In the listing that follows, the range to quote begins at the line that has "Détail de la" and ends after the line that has "肩のミサイルポッドの背面は、"; quote it verbatim and add nothing.

§ RECORDS SHOWN:
____________

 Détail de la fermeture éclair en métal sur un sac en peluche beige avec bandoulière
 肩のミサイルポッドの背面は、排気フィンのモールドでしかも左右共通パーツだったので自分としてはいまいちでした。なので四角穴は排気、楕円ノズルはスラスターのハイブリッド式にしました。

____________

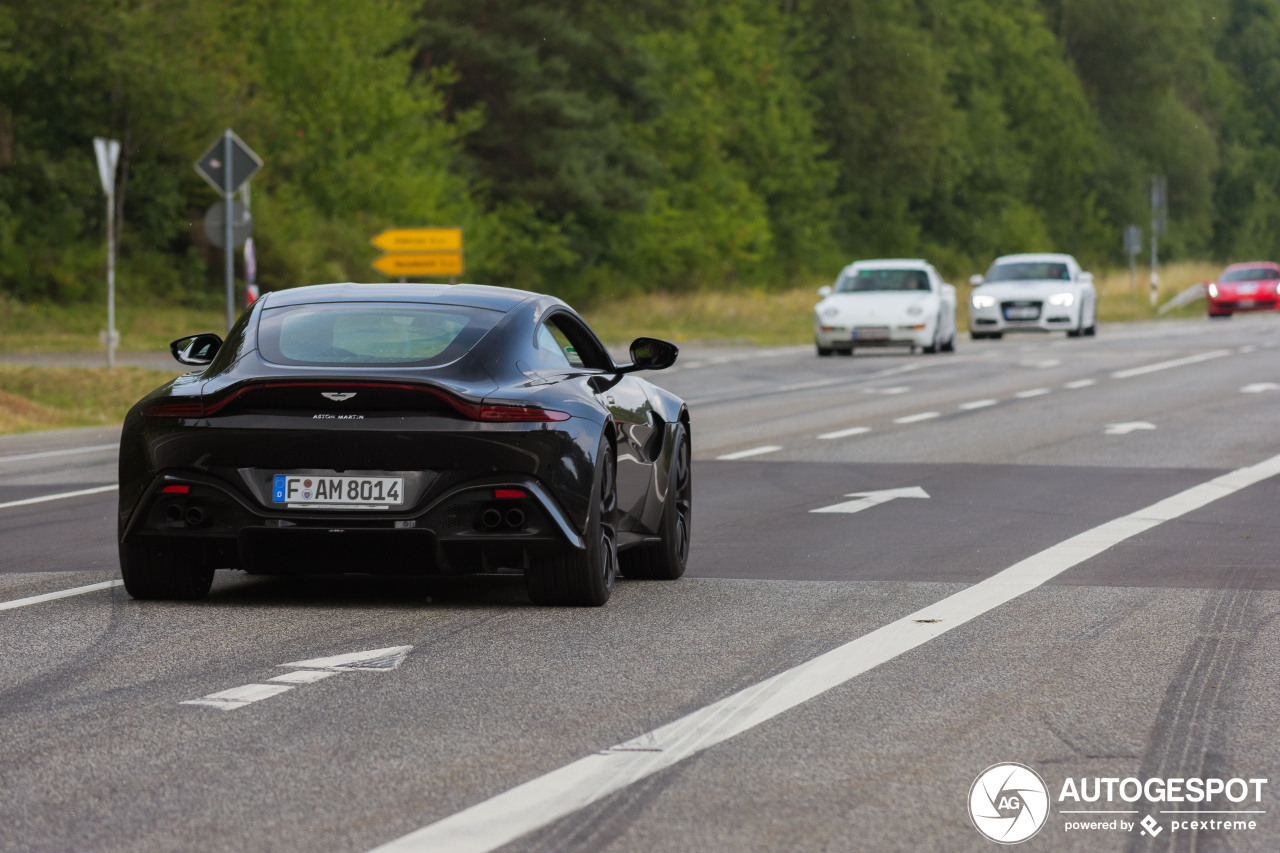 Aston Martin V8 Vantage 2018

____________

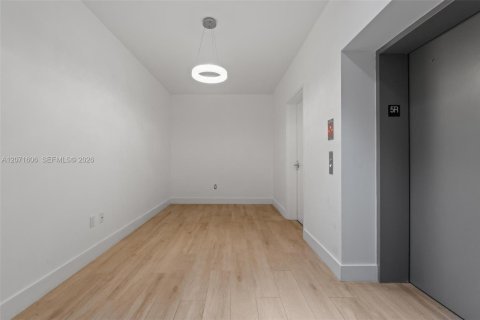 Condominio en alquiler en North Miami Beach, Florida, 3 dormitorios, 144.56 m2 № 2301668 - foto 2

____________

§ ANSWER TO THIS EXERCISE:
 Détail de la fermeture éclair en métal sur un sac en peluche beige avec bandoulière
 肩のミサイルポッドの背面は、排気フィンのモールドでしかも左右共通パーツだったので自分としてはいまいちでした。なので四角穴は排気、楕円ノズルはスラスターのハイブリッド式にしました。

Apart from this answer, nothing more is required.